Recorded data:

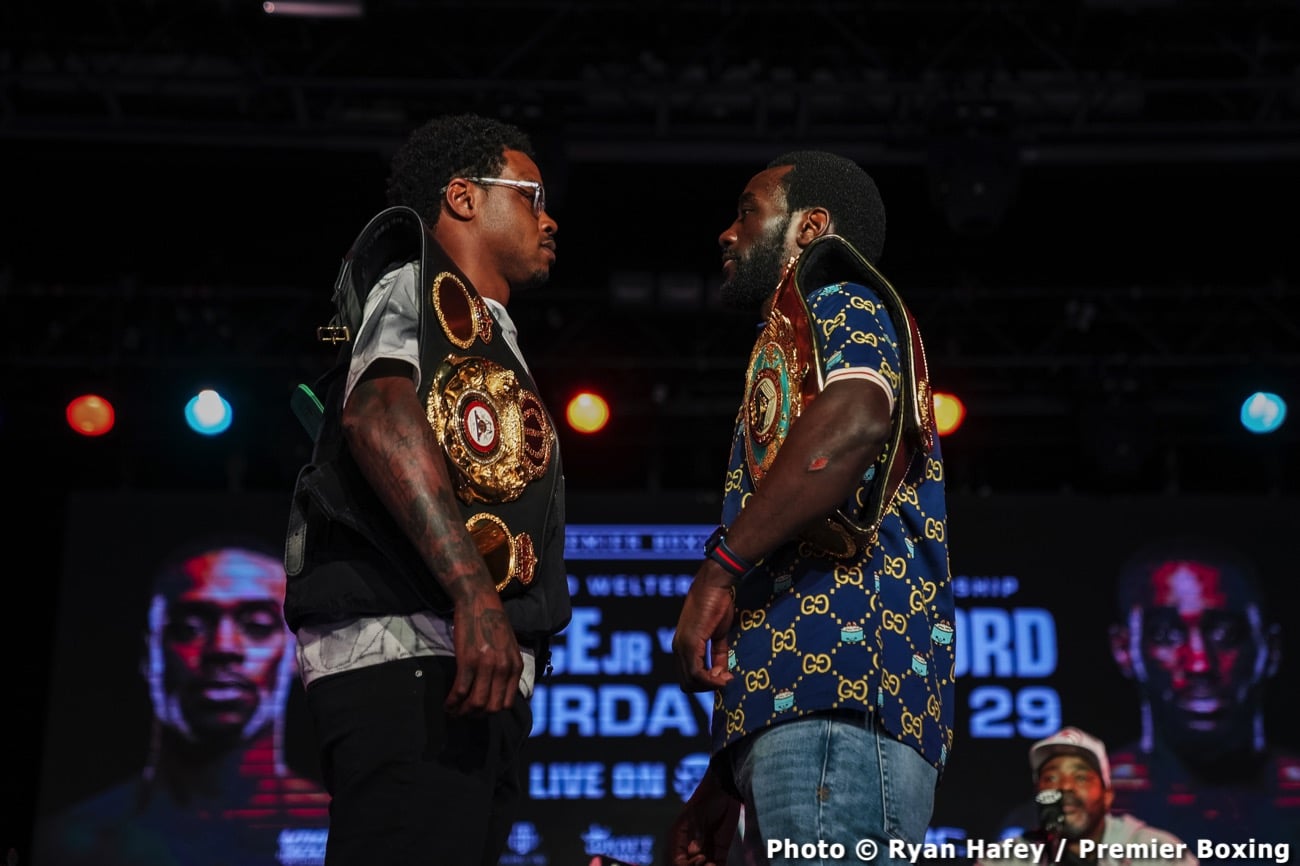 Image: Errol Spence Jr on Terence Crawford, "He's going to wilt"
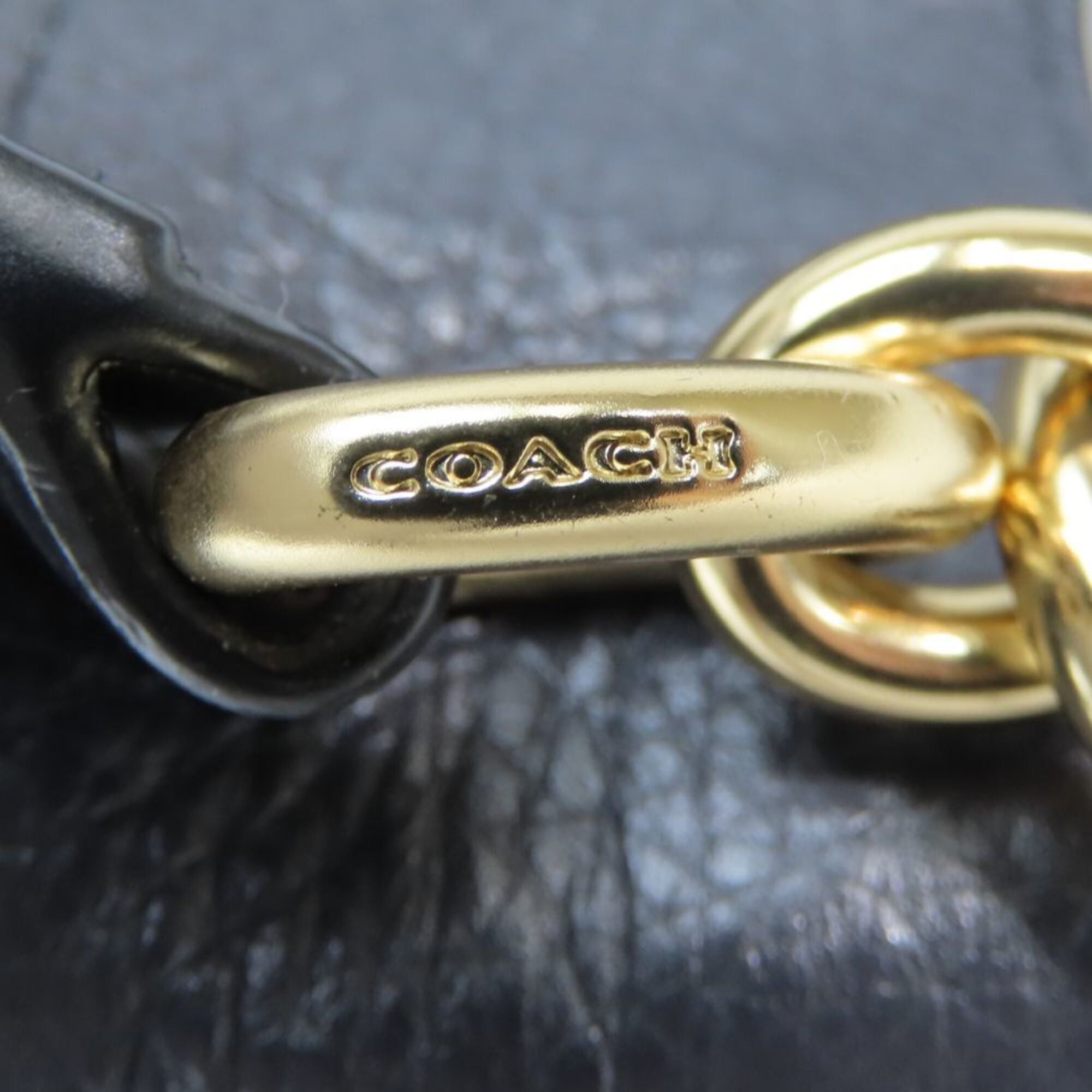 Coach Dark Navy Leather Tote Bag (Pre-Owned)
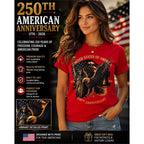 250th USA Anniversary Red T-Shirt Size: M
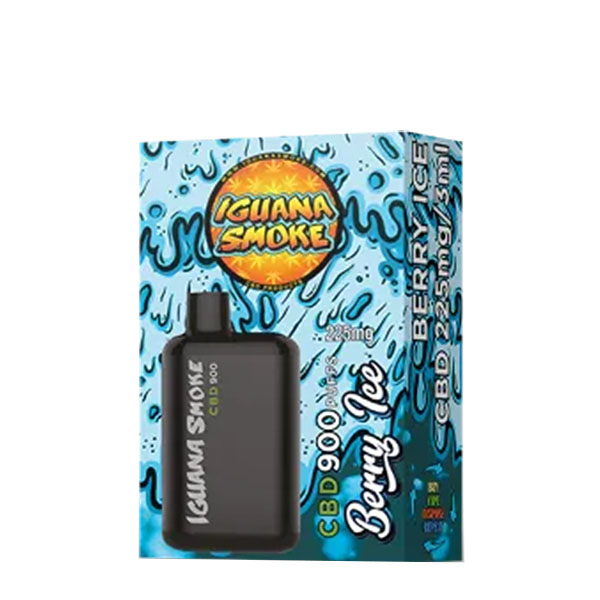 Vaper CBD Iguana Smoke Berry Ice — 900 mg — 3 ml — cáñamo CBD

What to produce:
I would like the material above returned exactly as it stands, without its pictures.

Task answer:
 Image: Errol Spence Jr on Terence Crawford, "He's going to wilt"
 Coach Dark Navy Leather Tote Bag (Pre-Owned)
 250th USA Anniversary Red T-Shirt Size: M
 Vaper CBD Iguana Smoke Berry Ice — 900 mg — 3 ml — cáñamo CBD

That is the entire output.